Upon seeing this graphic again last night I thought, “What if we applied this method of peacemaking to the phenomenon of Internet trolls?”
It’s crazy, I know. Trolls seem some sort of exception. They’re just troublemakers. Busybodies. Childish people with nothing better to do than annoy the devil out of others. In short, they’re sinful human beings. They’re almost like the people we know offline! They’re almost like…us.
That’s right. Excluding bots, so-called “trolls” are, in fact, actual people. People are on the other side of those names on the Internet. They are people created in the image of God, marred by sin, and in need of redemption and restoration in Christ Jesus.
Sounds like I take trolls way too seriously. Or maybe I’m shooting for some sort of “Jesus Juke.” But trolls are people too.
Yes, I am serious. Trolls are people, and inasmuch as we take any other people seriously, we should do the same with trolls. Seems counter-intuitive. People don’t take trolls seriously.
Or do they? See this article. Sounds serious. Sounds like some sort of response must be offered for the problem of trolls. To her credit, the author suggests three available options for dealing with trolls:
1. leave (They Win)
2. ignore them (they escalate, make your life more miserable, DDoS, ruin your career, etc. i.e. They Win)
3. fight back (If you’ve already hit the Koolaid Point, see option #2. They Win).
Compare these three options to the Slippery Slope above. The first option is an example of “Flight,” the second of “Denial,” and the third of “Assault.” None of these responses are an option for the Christian. That’s okay. None of them are effective anyway.
Speaking of ineffective responses to trolls, the age-old advice regarding trolls is simple enough, “Don’t feed the trolls.” Here’s my advice about that advice, “Don’t listen to people who say ‘Don’t feed the trolls.'” Why? Simple. The advice doesn’t work.
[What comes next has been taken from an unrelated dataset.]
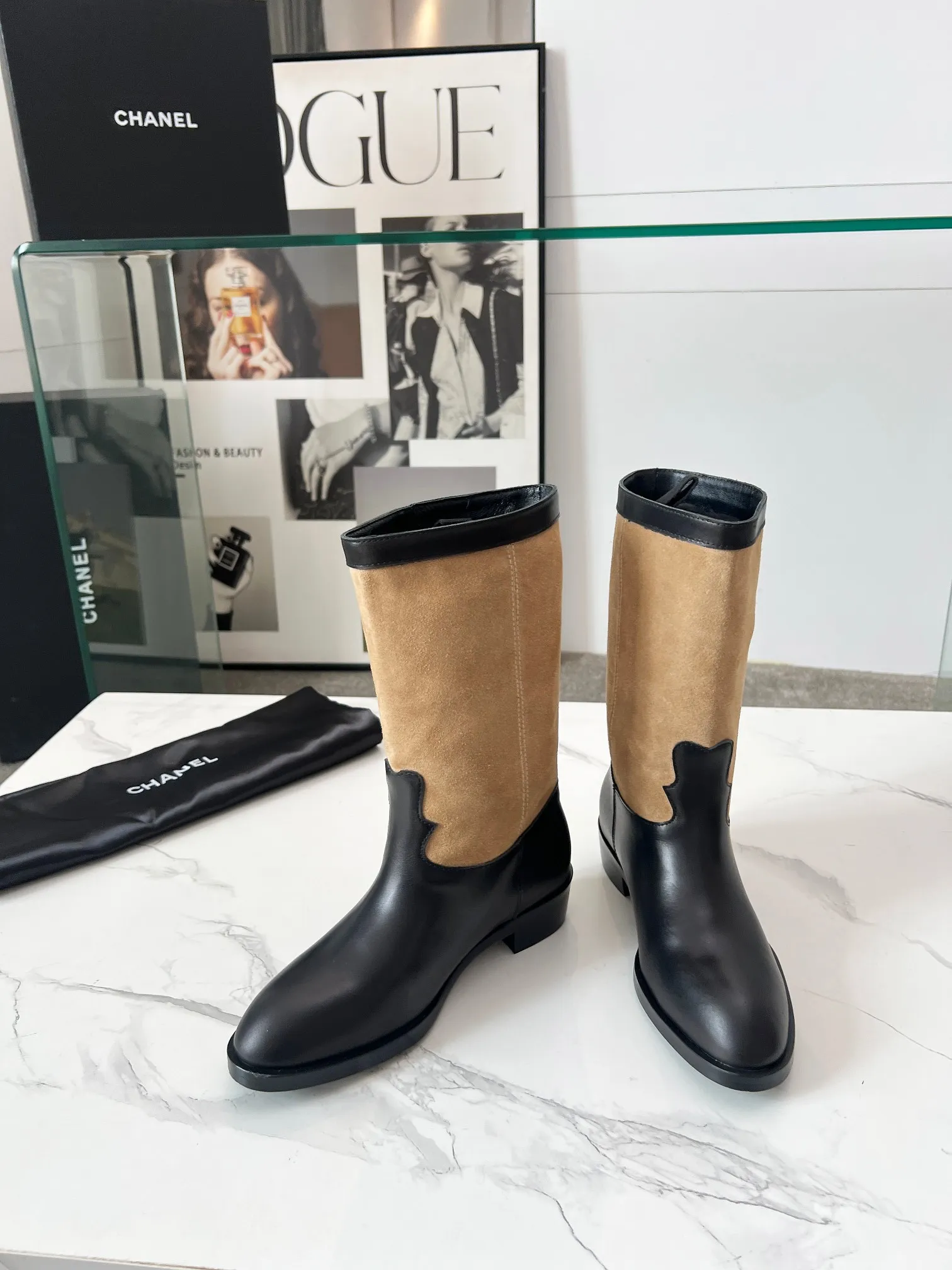👟👟Ex-factory price 680👟👟 Top quality🔥Chanel 25 autumn and winter small fragrant suede color-blocked knight mid-high boots! Retro style boots Western cowboy boots! Unique western boot design with smooth curves and irregular edges like free lines in the wilderness! With a casual and free flavor. Let every step be uninhibited and refined! Whether it is paired with smart suit pants to create a cool urban style, or matched with an elegant dress to create a strong and soft aesthetic. Or pair it with jeans to create an authentic western style! The upper is made of first-layer cowhide stitched with suede. The inner lining is water-dyed cowhide. Number of yards: 35-40 (41 is custom-made and cannot be returned or exchanged). Comes with original packaging.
You see, for ten years and more people have been saying “Don’t feed the trolls.” Yet here we are in 2015 and people are sharing this article about, once again, more or less, the problem of Internet trolls. By the way, if you want to know where this article falls on the slope, it’s under “Suicide.”
We have better responses to trolls. Sure, there are times when people are put at risk in various ways, or other people should be removed, or other priorities must rest above the pressure to expend energy on other people, but in general we are far too hasty in dismissing trolls as something less than human. They’re not.
In fact I challenge you to find something that trolls do that is new to human experience. “There’s nothing new under the sun.” Trolls were around long before the Internet. And so my simple suggestion in this post is twofold:
- Recognize that trolls are nothing new.
- Recognize that trolls are people too.